[Working data]:
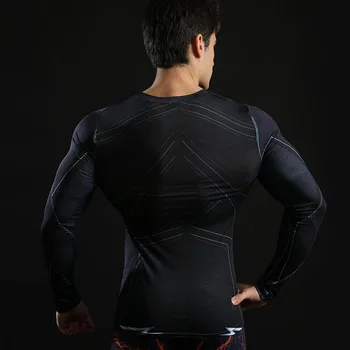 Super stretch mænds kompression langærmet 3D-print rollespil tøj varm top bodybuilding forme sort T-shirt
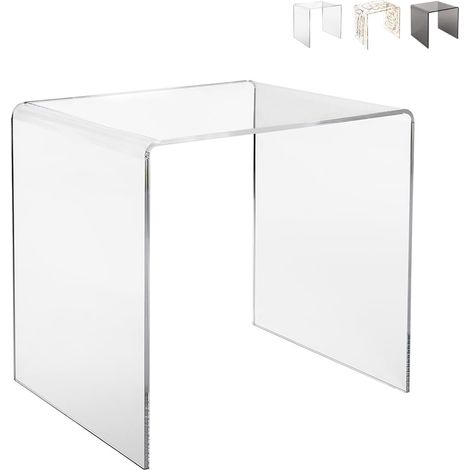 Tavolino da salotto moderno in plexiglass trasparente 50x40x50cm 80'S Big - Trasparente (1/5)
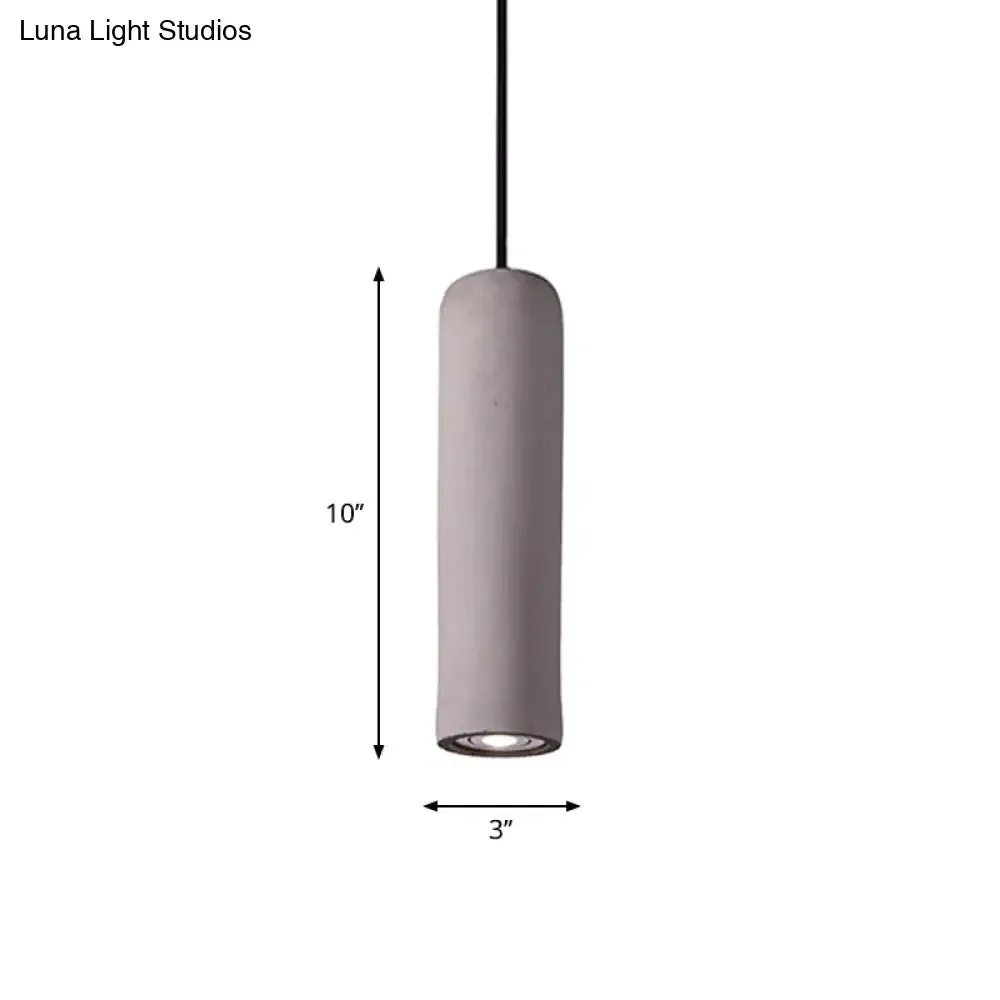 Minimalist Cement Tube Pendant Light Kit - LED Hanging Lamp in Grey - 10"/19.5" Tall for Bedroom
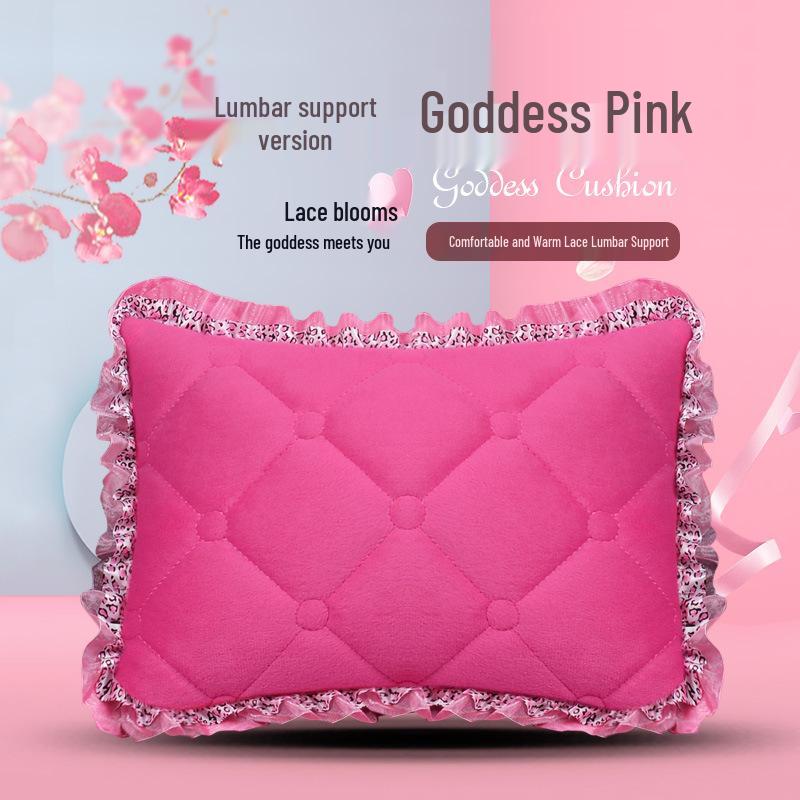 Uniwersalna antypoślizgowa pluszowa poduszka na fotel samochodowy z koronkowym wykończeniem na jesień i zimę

--

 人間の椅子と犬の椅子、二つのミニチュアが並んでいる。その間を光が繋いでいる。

[Task prompt]:
Although the records hold pictures, the copy must not; give again exactly the lines from the one with "Super stretch mænds" through the one with "Uniwersalna antypoślizgowa pluszowa".

[Answer section]:
 Super stretch mænds kompression langærmet 3D-print rollespil tøj varm top bodybuilding forme sort T-shirt
 Tavolino da salotto moderno in plexiglass trasparente 50x40x50cm 80'S Big - Trasparente (1/5)
 Minimalist Cement Tube Pendant Light Kit - LED Hanging Lamp in Grey - 10"/19.5" Tall for Bedroom
 Uniwersalna antypoślizgowa pluszowa poduszka na fotel samochodowy z koronkowym wykończeniem na jesień i zimę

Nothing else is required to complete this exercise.